What should be copied is the stretch of entries below from the line with "No Eye Can See Paperback by Jane Kirkpatrick" up to and including the line with "7 Beste IPTV", exactly and without images.

*Source records:*
=-=-=
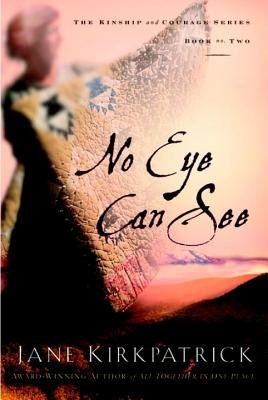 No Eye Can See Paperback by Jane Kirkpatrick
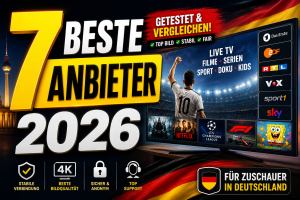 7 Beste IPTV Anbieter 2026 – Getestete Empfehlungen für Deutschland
=-=-=
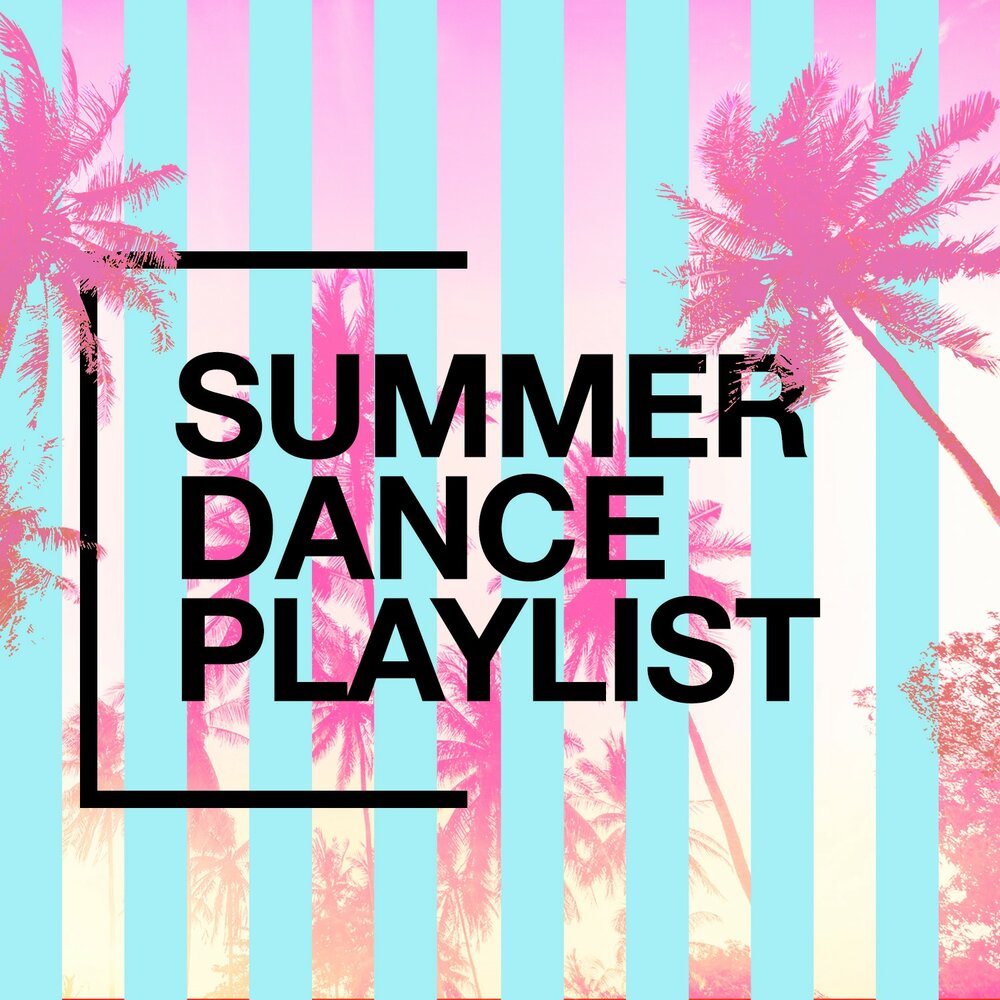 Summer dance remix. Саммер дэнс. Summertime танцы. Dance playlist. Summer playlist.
=-=-=
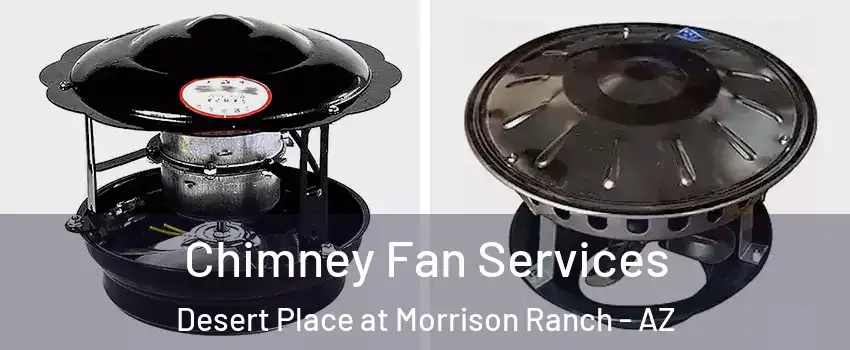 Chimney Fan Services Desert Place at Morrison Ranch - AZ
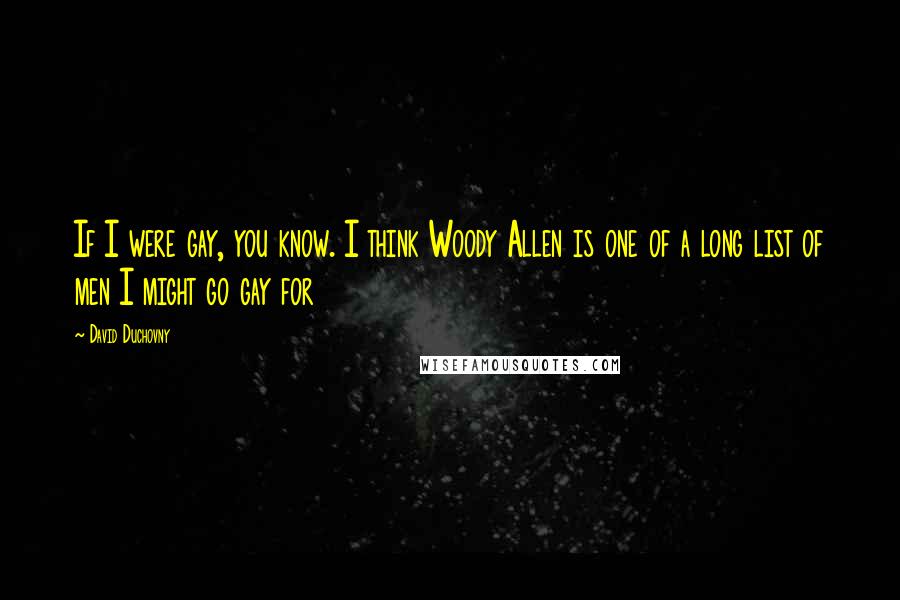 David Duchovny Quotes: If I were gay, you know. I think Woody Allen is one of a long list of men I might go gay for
=-=-=
*Result:*
 No Eye Can See Paperback by Jane Kirkpatrick
 7 Beste IPTV Anbieter 2026 – Getestete Empfehlungen für Deutschland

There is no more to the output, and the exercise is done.